The Domus Aurea was built after 64 AD and the dome was over 13 m in diameter. The exterior diameter of the octagonal room was 14.65 m meters and the diameter of the oculus was 5.925.92 m meters. The height of the dome (4.79 m) was about equal to the height of the supporting walls (4.91 m). The dome transitions from an octagonal plan to a circular plan at about 2 m above its springing. This octagonal and semicircular dome is made of concrete and the oculus is made of brick. The radial walls of the surrounding rooms buttress the dome, allowing the octagonal walls directly beneath it to contain large openings under flat arches and for the room itself to be unusually well lit.
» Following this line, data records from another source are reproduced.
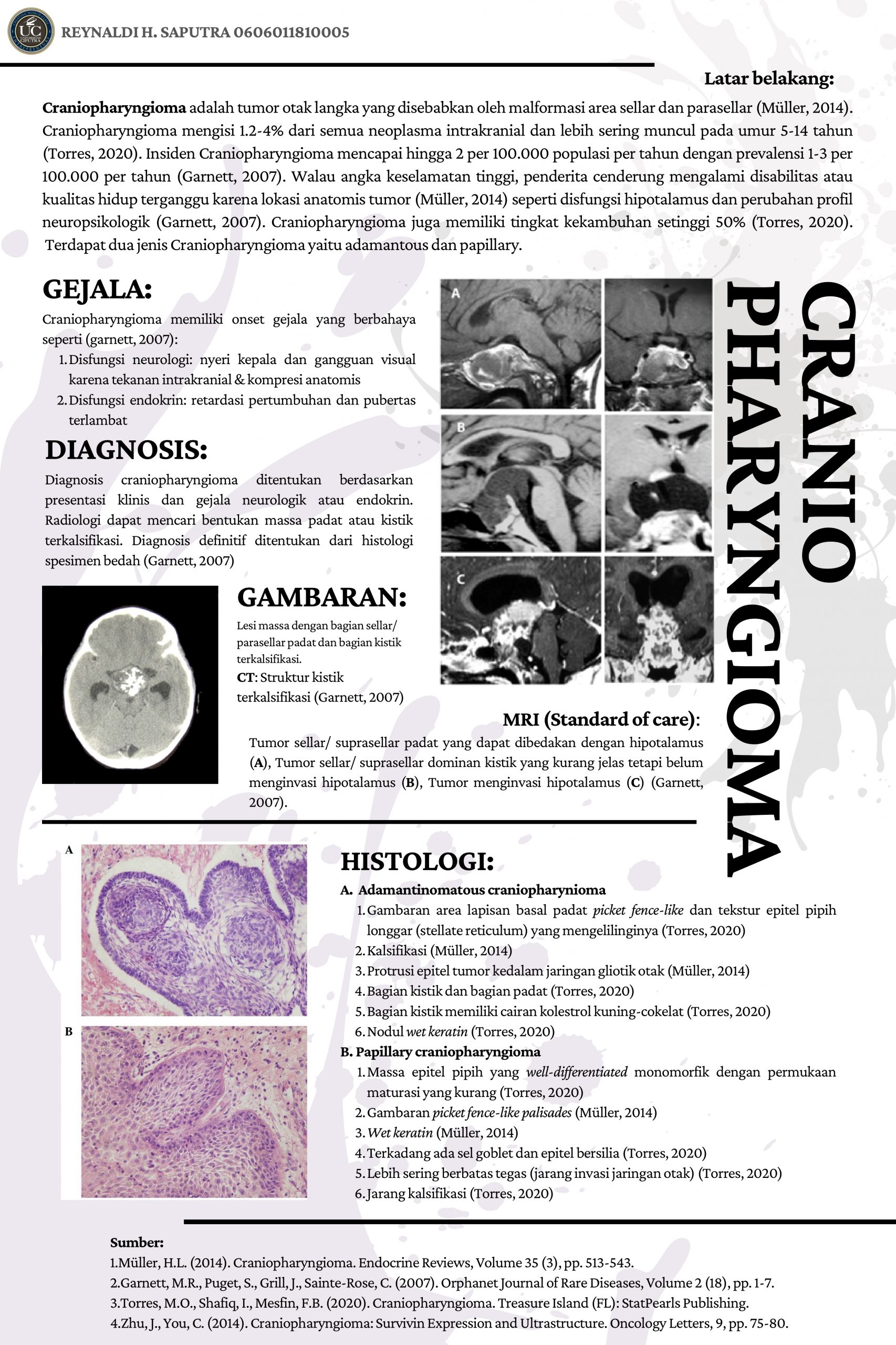 Craniopharyngioma Craniopharyngioma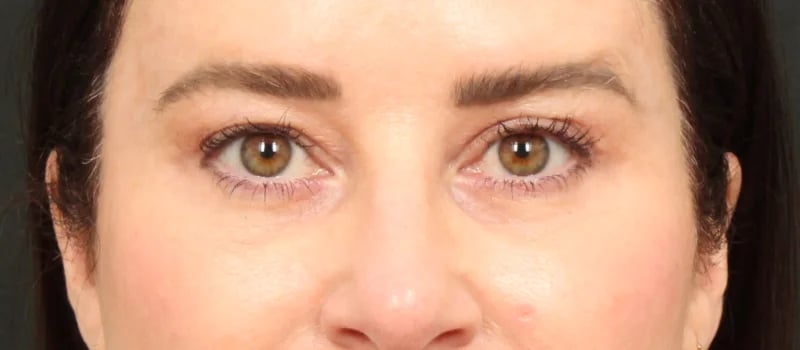 Brow / Temple Lift Before & After Image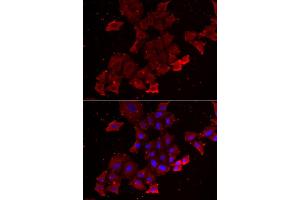 Immunofluorescence analysis of A549 cells using LGALS3BP antibody. (LGALS3BP 抗体)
Because there is no indication that mosaic or other facing material had ever been applied to the surface of the dome, it may have been hidden behind a tent-like fabric canopy like the pavilion tents of Hellenistic (and earlier Persian) rulers. The oculus is unusually large, more than two-fifths the span of the room, and it may have served to support a lightweight lantern structure or tholos, which would have covered the opening. Circular channels on the upper surface of the oculus also support the idea that this lantern, perhaps itself domed, was the rotating dome referred to in written accounts. A rainwater drainage manhole in the floor at the center of the room, beneath the open oculus, has since been covered.

According to Suetonius, the Domus Aurea had a dome that perpetually rotated on its base in imitation of the sky. It was reported in 2009 that newly discovered foundations of a round room may be those of a rotating domed dining hall. Also reported in contemporary sources is a ceiling over a dining hall in the palace fitted with pipes so that perfume could rain from the ceiling, although it is not known whether this was a feature of the same dome. The expensive and lavish decoration of the palace caused such scandal that it was abandoned soon after Nero's death and public buildings such as the Baths of Titus and the Colosseum were built at the site.

==Domitian==
The only intact dome from the reign of Emperor Domitian is a 16.1 m wide example in what may have been a nymphaeum at his villa at Albano. It is now the church of Santa Maria della Rotunda.

Domitian's 92 AD Domus Augustana established the apsidal semi-dome as an imperial motif. Square chambers in his palace on the Palatine Hill used pendentives to support domes. His palace contained three domes resting over walls with alternating apses and rectangular openings. Twin octagonal halls covered with cloister vaults were made by Rabirius. An octagonal domed hall existed in the domestic wing. Unlike Nero's similar octagonal dome, its segments extended all the way to the oculus. The dining hall of this private palace, called the Coenatio Jovis, or Dining Hall of Jupiter, contained a rotating ceiling like the one Nero had built, but with stars set into the simulated sky.

The so-called "Baths of Nero" at Pisa included an octagonal cloister vault over the small sudatio, or hot room, with a central oculus surrounded by eight rectangular openings in the ceiling, one in each slice of the vault.